Genderwrecked was developed by game designer Heather Flowers and multidisciplinary artist Ryan Rose Aceae. The pair were inspired to make the game to externalise their own personal experiences, with Flowers stating the game aimed to convey "the experience of dealing with your own gender" to a transgender audience and "make people like us feel seen" in a work of fiction. The developers clarified that the game was not intended to be "representative" of trans identities as a whole and "just trying to depict the reality of these experiences we have", avoiding an educational or empathetic tone. Genderwrecked was developed over the course of over one year, with Flowers coding the game and creating the background art, Aceae creating the character art and most of the writing, and Medley Baxter composing the soundtrack for the game.

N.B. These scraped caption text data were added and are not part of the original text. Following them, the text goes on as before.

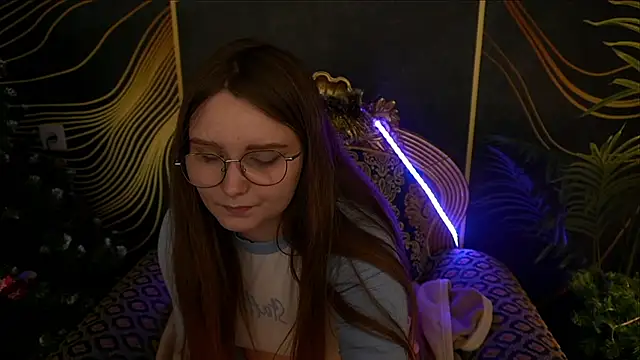 MagicPeachh  online show from January 20, 2025, 4:34 pm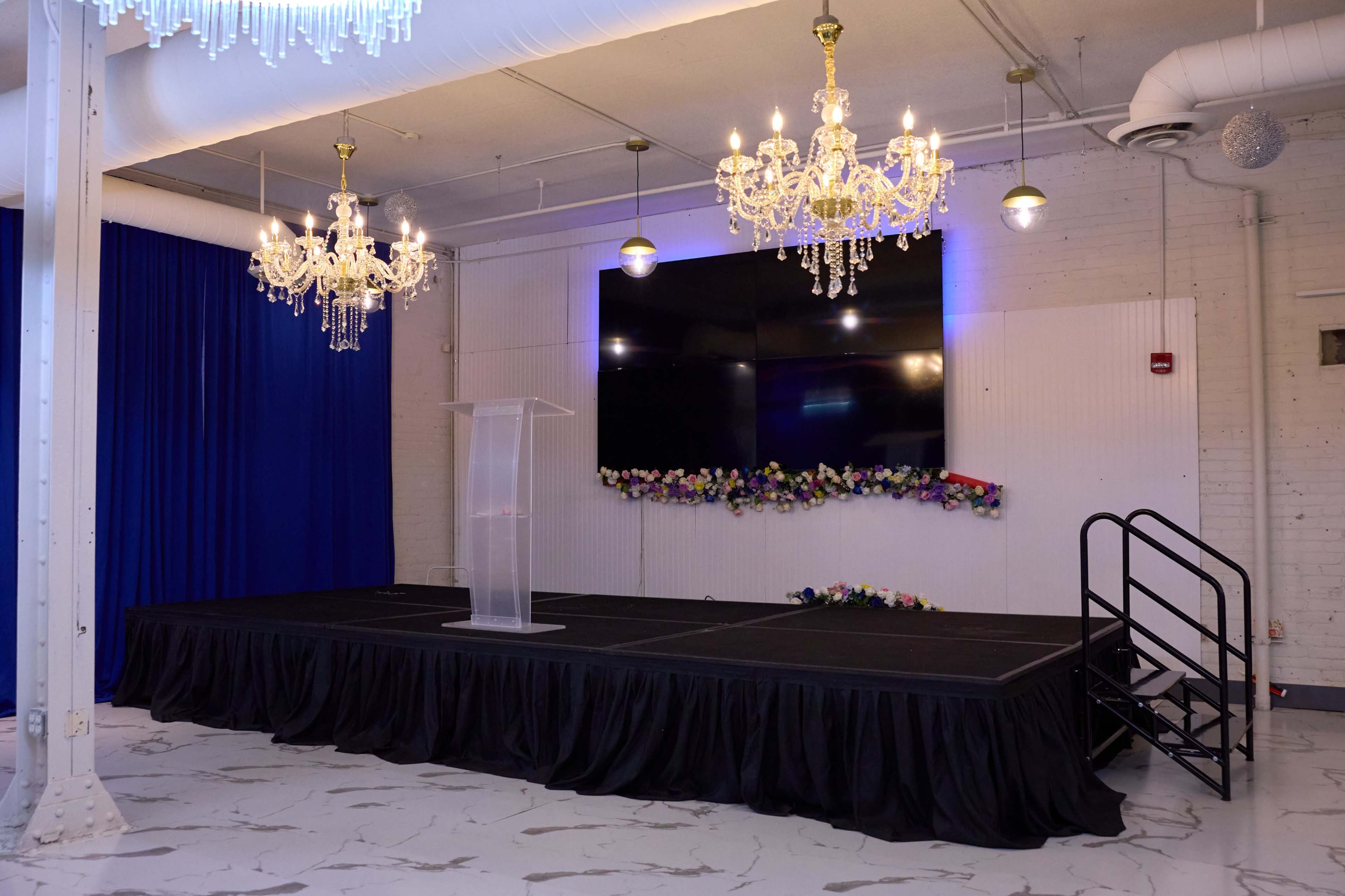 The Luxe at Harmon by BBE - Marble Room Image in Downtown West, Minneapolis, MN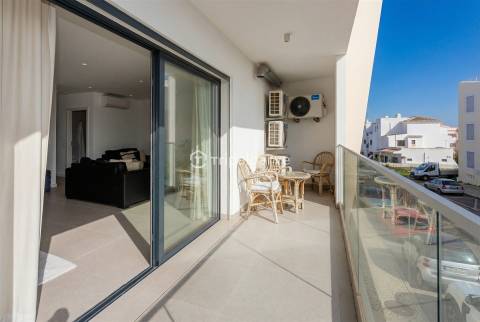 T3 Moderno com Vista Mar e Piscina Infinita – Olhos D´Água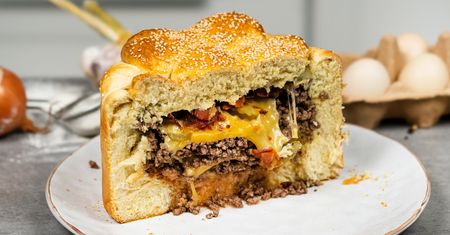 Cheeseburger XXL to spełnienie marzeń fanów fast foodów. Na sam widok ślinianki zaczynają pracować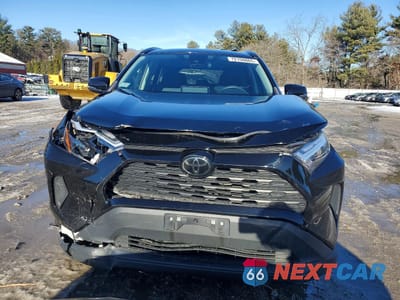 Piąte zdjęcie samochodu w środku: 2023 TOYOTA RAV4 XLE VIN:2T3W1RFV9PW286662 - miniatura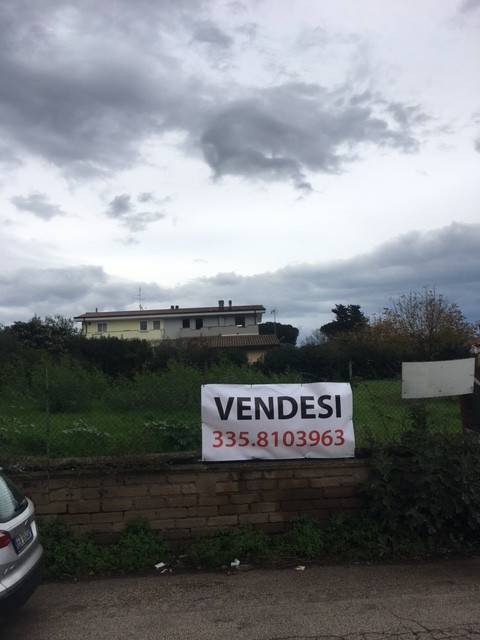 Villa in vendita a Roma via Bisaccia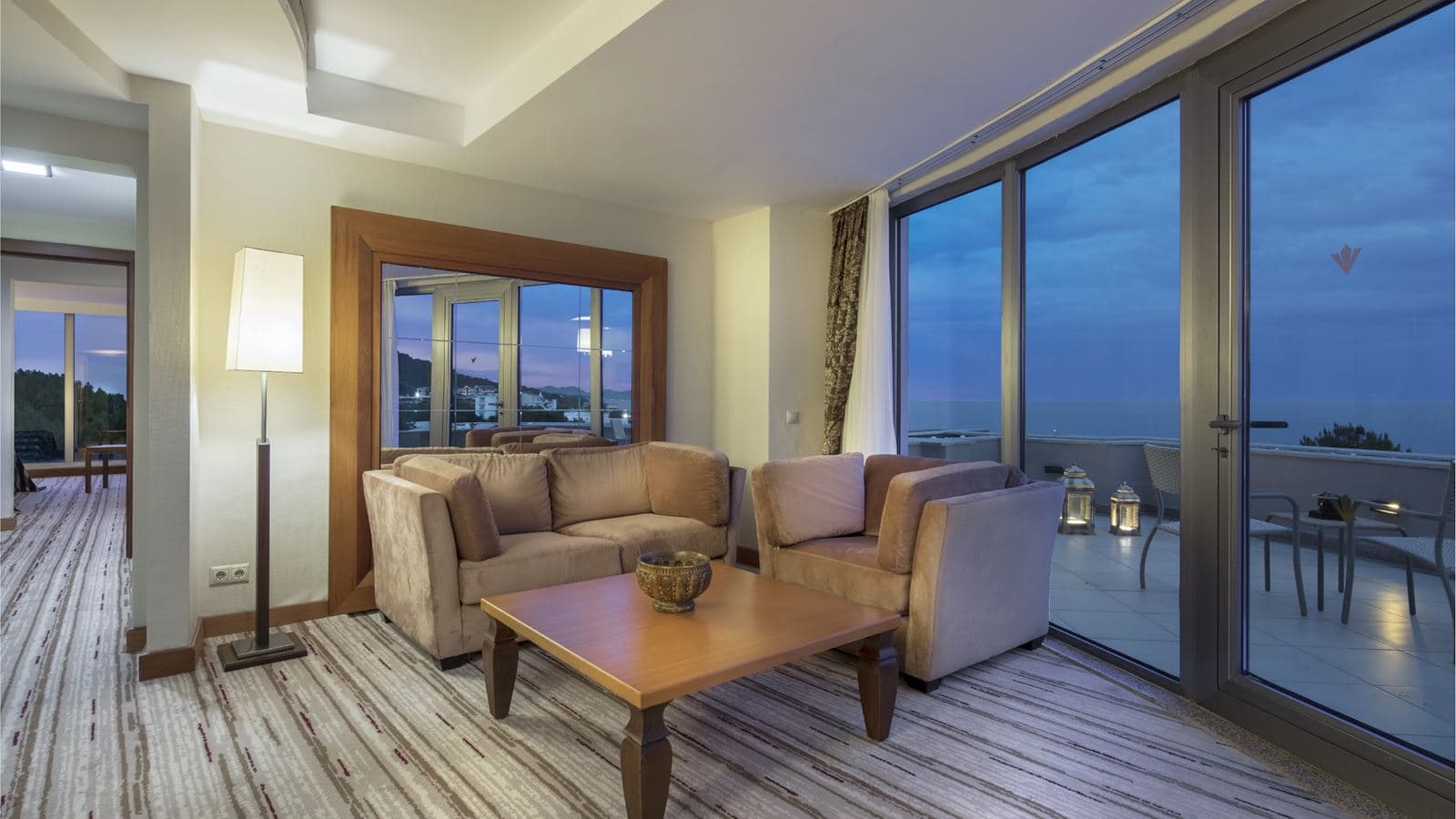 rooms-king-suite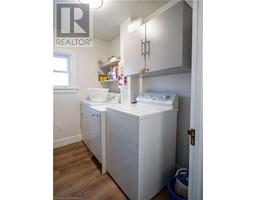 210 CHAPMAN Street W - 21
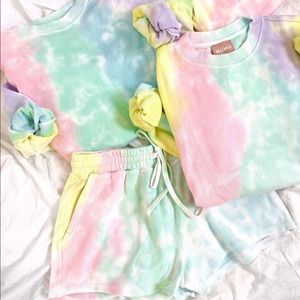 Show Me Your Mumu Tie-Dye Set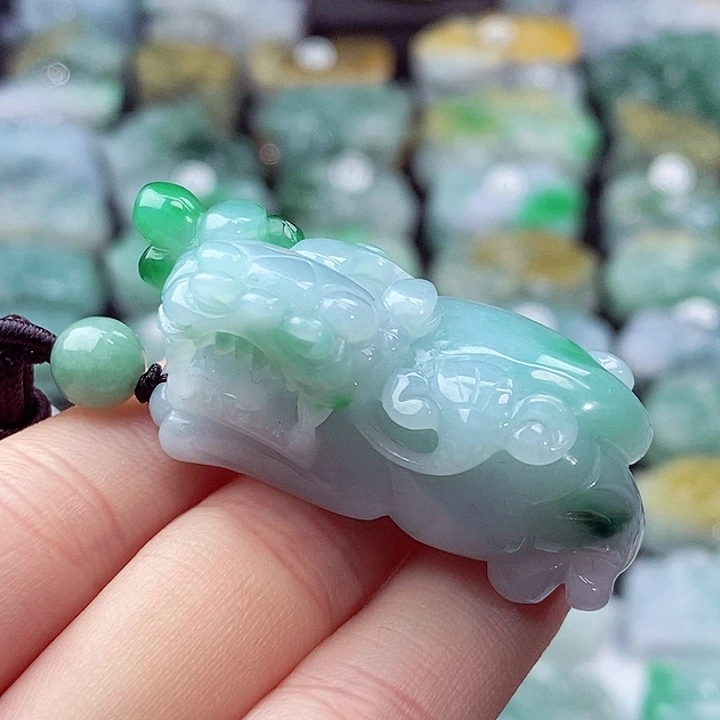 颈饰未镶嵌翡翠天然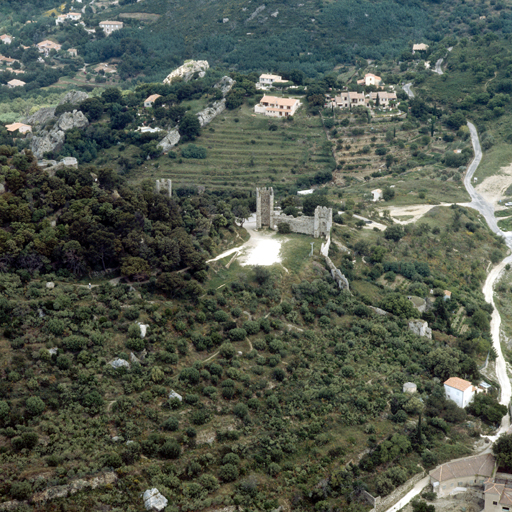 fortification d'agglomération de la ville haute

Developed using Ren'Py, Aceae stated that the visual novel format was desirable as the genre facilitates "talking about people and relationships" and "pouring that into avatars (is) really easy in visual novels." Aceae stated development process behind the game was "exhausting and overwhelming" as "one of the biggest things that either of us has worked on".

== Reception ==

Genderwrecked received a positive reception from critics, with praise directed to the game's comic and earnest discourse on gender and identity. Writing for Venture Beat, Stephanie Chan praised the game as "humorous, defiant in its glibness, and moving in its sincerity", assessing the game was "genuine and heartfelt" in how it "exchanges its flippant jokes for an earnest dialogue about how messy it can be to unravel the threads of identity". Similarly, Alice O'Connor of Rock Paper Shotgun praised the game as "funny, charming and thoughtful". Writing for Unwinnable, Khee Hoon Chan stated the game was a "rare' instance of "care (being) taken into depicting multifaceted stories about gender", praising the "candor and humor" of the game in "breaking down murky gender concepts through metaphors and allusions, which can be occasionally enigmatic but almost always relatable". Chan highlighted the game's "warmly and actively mindful" use of gender categories and pronouns created a "sincerity" that insulated it from transphobic allusions as to the intent of the game's use of monsters. Similarly, Kate Gray of Kotaku stated the game was "poignant", highlighting the game's open-ended conclusion in which the game allows players to write their own interpretation on the nature of gender. Jay Allen of PC Gamer praised the game's characterisation, observing how the "intensely vulnerable" tone of the game "defies any pressure to be the right kind of representation" in creating imperfect, imprecise and hostile characters, evaluating that the game conveyed an "earnest affirmation of (a) space where someone can safely be something messy and monstrous that doesn't have their shit together."

=== Accolades ===

Genderwrecked received the 'Jury Award' at the Melbourne Queer Games Festival in October 2018. In August 2019, the Smithsonian American Art Museum exhibited Genderwrecked as part of a two-day annual interactive event titled 'SAAM Arcade' under the theme of Representation Matters to "feature games that address issues of representation for diverse indie developers".